- Activity -
The whole of the data is to be returned without a single change.

***** Recorded information *****

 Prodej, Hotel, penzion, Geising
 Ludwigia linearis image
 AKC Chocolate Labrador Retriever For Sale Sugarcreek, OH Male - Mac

*****

- Task solution -
 Prodej, Hotel, penzion, Geising
 Ludwigia linearis image
 AKC Chocolate Labrador Retriever For Sale Sugarcreek, OH Male - Mac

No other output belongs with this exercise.